Mayor Vincent Gray was at the cocktail hour and on the program as a guest speaker. Mayor Gray hasn’t declared if he will run for a second term. Speculation says everything’s pending on the outcomes of investigations by U.S. attorneys of corruption by his campaign staff during his first mayoral run. But Gray came with a message for DC statehood, his rallying cry. And the audience embraced “New Columbia” (the working title name for the 51st state) with open arms.
Andy was on the honorary host committee for the Centennial Dinner as the owner of Busboys and Poets and Eatonville. This contribution came with a table. Other honorary host committee members included DC council members, mayoral candidates, business owners, ministers, and the “Most Worshipful Grand Master Most Worshipful Prince Hall Grand Lodge, Free and Accepted Masons.” Elected officials spoke. Others played host at their tables.
The theme of the evening was “Honoring Our Legacy, Celebrating Our Next Generation.” Julian Bond, president emeritus of the NAACP, prominent Civil Rights activists and member of SNCC, gave the keynote speech. Bond has made many appearances this year honoring the 50th Anniversary of the March on Washington. And he’s repeated at each occasion the stories of the behind-the-scenes military and police preparations for the peaceful March by the U.S. government that would resemble gearing up for a post-911 terrorist attack today.
Oddly, after all the prayers, introductions, speeches, this event did not kick off with the singing of the “Negro anthem,” “Lift Every Voice and Sing,” a ceremonial tradition of the NAACP and similar kinds of events. In fact, there was no art present at the event. No music (DJ’ed, piped in or live). No Powerpoint slide projections or film clips celebrating or visualizing the future for the organizations. No flowers on the table. What would W.E.B. DuBois who championed and published the work of artists in “The Crisis” say? There was a reference from the podium to the enjoyment of “libations” during the cocktail hour. I kept to water and coffee. For me, the most culturally significant representation of the evening was the Gingerbread cupcake served for dessert. I reminded Andy, gingerbread was Zora Neale Hurston’s and her Eatonville town’s favorite dessert. Zora whipped it up during hard times and served it with buttermilk (when she couldn’t pay for shrimp); Eatonville made some in the frying pan before dishing out the dirt to Zora for her folklore collecting.
I’ve said before, when a movement has no music (and no art for that matter), you don’t have a movement. You don’t connect. Something has quietly died in the movement, or is on life support. Did this happen when the music died? Even ministers know, the right music punctuates the message from the pulpit.

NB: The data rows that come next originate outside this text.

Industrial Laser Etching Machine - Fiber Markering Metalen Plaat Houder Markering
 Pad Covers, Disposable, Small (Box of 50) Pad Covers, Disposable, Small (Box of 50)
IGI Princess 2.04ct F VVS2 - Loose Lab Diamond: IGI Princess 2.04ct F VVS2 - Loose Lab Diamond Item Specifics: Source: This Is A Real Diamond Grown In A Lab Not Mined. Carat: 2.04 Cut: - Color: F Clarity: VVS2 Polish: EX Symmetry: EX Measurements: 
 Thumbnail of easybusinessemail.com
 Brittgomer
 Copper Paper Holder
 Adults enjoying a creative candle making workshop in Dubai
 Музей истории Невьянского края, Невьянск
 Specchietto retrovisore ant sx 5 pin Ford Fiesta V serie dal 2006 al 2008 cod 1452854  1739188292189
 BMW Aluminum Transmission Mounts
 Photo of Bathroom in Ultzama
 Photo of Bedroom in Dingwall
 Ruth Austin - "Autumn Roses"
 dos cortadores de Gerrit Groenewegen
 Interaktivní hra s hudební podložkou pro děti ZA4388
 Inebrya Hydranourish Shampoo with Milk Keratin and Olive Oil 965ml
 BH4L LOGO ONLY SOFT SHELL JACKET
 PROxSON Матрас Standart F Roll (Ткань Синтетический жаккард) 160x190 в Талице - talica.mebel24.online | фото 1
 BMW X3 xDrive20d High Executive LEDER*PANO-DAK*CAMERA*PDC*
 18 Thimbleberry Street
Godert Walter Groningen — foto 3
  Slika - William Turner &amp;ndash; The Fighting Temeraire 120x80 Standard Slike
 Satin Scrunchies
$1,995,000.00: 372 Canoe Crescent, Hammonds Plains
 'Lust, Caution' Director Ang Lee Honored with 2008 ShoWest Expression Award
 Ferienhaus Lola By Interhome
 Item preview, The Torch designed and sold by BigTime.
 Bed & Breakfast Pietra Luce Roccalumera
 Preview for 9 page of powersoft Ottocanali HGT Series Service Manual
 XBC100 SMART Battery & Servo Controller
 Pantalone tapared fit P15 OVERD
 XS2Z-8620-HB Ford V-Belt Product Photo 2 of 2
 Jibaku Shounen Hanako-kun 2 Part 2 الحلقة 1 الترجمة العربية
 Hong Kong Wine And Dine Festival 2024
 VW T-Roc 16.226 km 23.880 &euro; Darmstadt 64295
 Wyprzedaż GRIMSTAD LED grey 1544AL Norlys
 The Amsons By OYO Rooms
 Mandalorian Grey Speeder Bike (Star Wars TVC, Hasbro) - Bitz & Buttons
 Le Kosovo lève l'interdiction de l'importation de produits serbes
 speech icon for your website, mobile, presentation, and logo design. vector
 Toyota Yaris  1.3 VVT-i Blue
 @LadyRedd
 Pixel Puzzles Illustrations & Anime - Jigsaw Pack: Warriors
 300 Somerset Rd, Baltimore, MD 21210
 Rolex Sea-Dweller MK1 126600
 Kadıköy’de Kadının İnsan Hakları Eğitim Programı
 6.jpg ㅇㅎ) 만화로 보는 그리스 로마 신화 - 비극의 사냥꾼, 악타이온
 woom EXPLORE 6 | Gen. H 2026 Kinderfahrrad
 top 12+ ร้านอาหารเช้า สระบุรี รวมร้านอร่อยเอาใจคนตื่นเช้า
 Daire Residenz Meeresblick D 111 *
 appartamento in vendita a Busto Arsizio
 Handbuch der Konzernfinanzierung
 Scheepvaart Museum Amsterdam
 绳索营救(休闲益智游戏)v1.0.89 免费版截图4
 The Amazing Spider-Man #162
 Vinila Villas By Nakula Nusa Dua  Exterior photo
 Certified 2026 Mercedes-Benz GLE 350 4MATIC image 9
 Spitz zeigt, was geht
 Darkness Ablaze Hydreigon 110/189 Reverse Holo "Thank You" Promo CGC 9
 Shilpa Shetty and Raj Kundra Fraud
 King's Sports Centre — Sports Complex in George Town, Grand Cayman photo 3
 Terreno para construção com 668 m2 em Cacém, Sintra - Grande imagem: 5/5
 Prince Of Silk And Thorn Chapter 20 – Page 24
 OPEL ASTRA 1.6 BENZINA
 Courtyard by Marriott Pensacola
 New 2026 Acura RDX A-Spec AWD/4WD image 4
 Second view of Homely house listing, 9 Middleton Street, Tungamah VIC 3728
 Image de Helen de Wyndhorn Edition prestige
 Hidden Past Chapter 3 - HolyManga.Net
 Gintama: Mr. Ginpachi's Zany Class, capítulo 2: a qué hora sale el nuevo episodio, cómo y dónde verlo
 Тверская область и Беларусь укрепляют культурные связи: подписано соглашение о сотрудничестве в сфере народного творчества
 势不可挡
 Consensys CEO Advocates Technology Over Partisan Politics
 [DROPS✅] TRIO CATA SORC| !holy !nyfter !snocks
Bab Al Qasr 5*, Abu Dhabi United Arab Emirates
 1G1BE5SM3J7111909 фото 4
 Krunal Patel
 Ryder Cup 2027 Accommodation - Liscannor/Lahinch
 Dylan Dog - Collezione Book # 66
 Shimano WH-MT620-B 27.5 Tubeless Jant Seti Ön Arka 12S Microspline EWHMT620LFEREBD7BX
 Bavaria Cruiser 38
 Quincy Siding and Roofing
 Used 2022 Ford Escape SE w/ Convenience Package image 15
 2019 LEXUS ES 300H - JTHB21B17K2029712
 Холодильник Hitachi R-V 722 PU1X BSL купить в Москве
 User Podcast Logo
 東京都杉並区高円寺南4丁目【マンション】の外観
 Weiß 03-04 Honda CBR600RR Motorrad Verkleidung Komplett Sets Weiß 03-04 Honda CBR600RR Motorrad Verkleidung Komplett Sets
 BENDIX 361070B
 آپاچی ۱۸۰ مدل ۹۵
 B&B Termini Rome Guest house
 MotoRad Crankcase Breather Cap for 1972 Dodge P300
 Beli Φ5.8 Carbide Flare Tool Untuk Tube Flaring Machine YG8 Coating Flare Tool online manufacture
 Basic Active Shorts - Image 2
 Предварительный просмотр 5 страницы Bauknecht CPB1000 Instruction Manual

Today, candidates pick up petitions to gather signatures for getting their names on the ballot. Andy Shallal will be the guest on WAMU FM’s Kojo Nnamdi Show’s “Politics Hour” today at noon.“ What do any of the candidates and community organizations bring to the table that lifts not only the economic prosperity of people, but the prosperity of the human mind and spirit? One cannot exist without the other. The candidate who makes this connection will definitely breakout from the political herd.
UPDATE: Many years ago someone shared a story about W.E.B. DuBois describing that in his later years DuBois kept strict hours, ending an intellectually enriching and productive day faithfully at 10 PM to retire. I’ve incorporated the “DuBois hours” into my own life as often as I can. Since launching this post, I was informed by a member of the DC Chapter of the NAACP that “Lift Every Voice and Sing” and an “art presentation” ended the evening’s event after my early departure. Therefore, this post reflects my observations of the event until 9:45 PM.